В послевоенные десятилетия (опять-таки имеется в виду Гражданская война) люди открывали для себя многочисленные патриотические символы и вовлекались в не менее многочисленные патриотические церемонии и ритуалы. Прилив национализма был в известной мере спровоцирован празднованиями наступления нового века, начавшимися еще в 1875 году. Основным событием этих празднеств явилось открытие в Филадельфии в 1876 году Столетней выставки, которая разорила своих устроителей, но во всех прочих отношениях стала «грандиозным успехом». Ее посетило почти 10 млн человек при общей численности населения в 46 млн! Торжественное открытие в 1886 году статуи Свободы и выставки Колумба в Чикаго в 1893 году укрепили в людях гордость за страну, интерес к национальным ценностям и патриотическую риторику, прославлявшую «великую американскую нацию». Эти торжества, в особенности события 1876 года, «служили американцам напоминанием о славном прошлом нации»{185}. Они немало способствовали организации в 1890-е годы более пятисот новых патриотических обществ.
Перед Гражданской войной как национальные праздники отмечались только 4 июля (День независимости) и день рождения Вашингтона, причем последний праздновался нерегулярно, в зависимости от конкретных политических веяний, а первый зачастую бывал отмечен соперничеством конкурирующих филантропических, конфессиональных либо профессиональных групп.

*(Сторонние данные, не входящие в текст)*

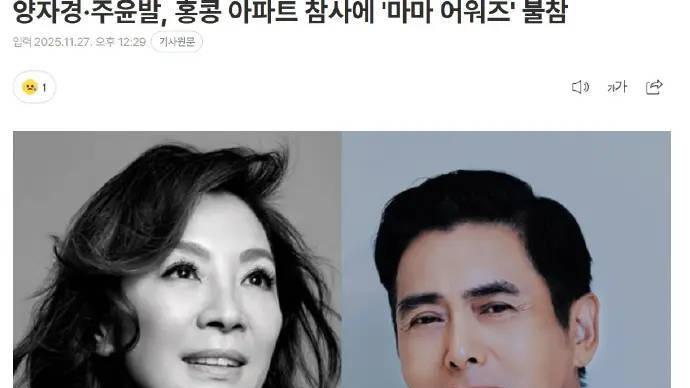 MAMA颁奖礼如期举行，周润发杨紫琼确定缺席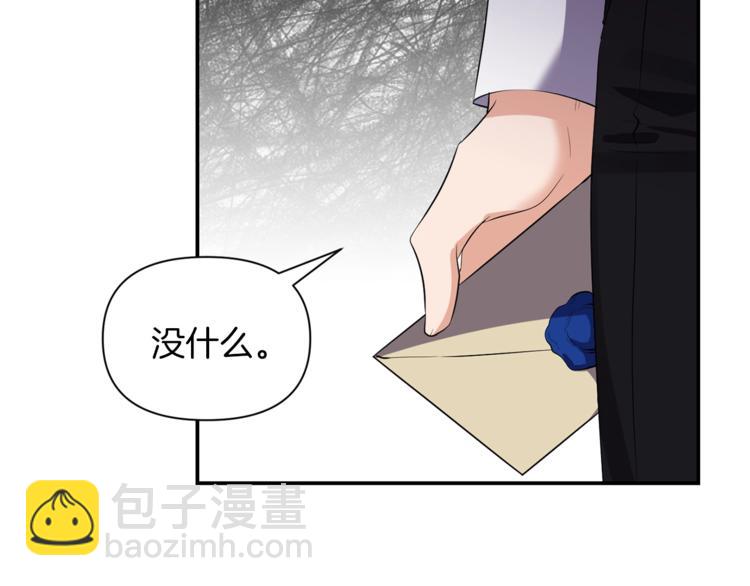第16话 温柔15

После войны День независимости превратился в настоящий национальный праздник. Первый общенациональный День благодарения был введен указом президента Линкольна в 1863 году. В десятилетия после войны День благодарения стал поводом для проведения патриотико-религиозных церемоний. «Школьники слушают рассказы о деяниях первопоселенцев, священники проводят особые службы, традиционно объединяя в своих проповедях религию и патриотизм, а соответствующий случаю праздничный обед постепенно сделался новым национальным обычаем». День памяти был введен в обиход сразу после войны. «Некоторые поселения, как на Севере, так и на Юге, „изобрели“ этот праздник практически одновременно, около 1866 года, и независимо друг от друга; особенно популярен праздник был на Севере и к 1891 году стал юридически оформленным праздничным днем во всех северных штатах… Несколько лет американцы отмечали этот праздник торжественно и сумрачно, можно сказать, в традиции первых Дней независимости, — парадами, выступлениями ораторов, военными маневрами, посещением кладбищ и установкой памятников»{186}.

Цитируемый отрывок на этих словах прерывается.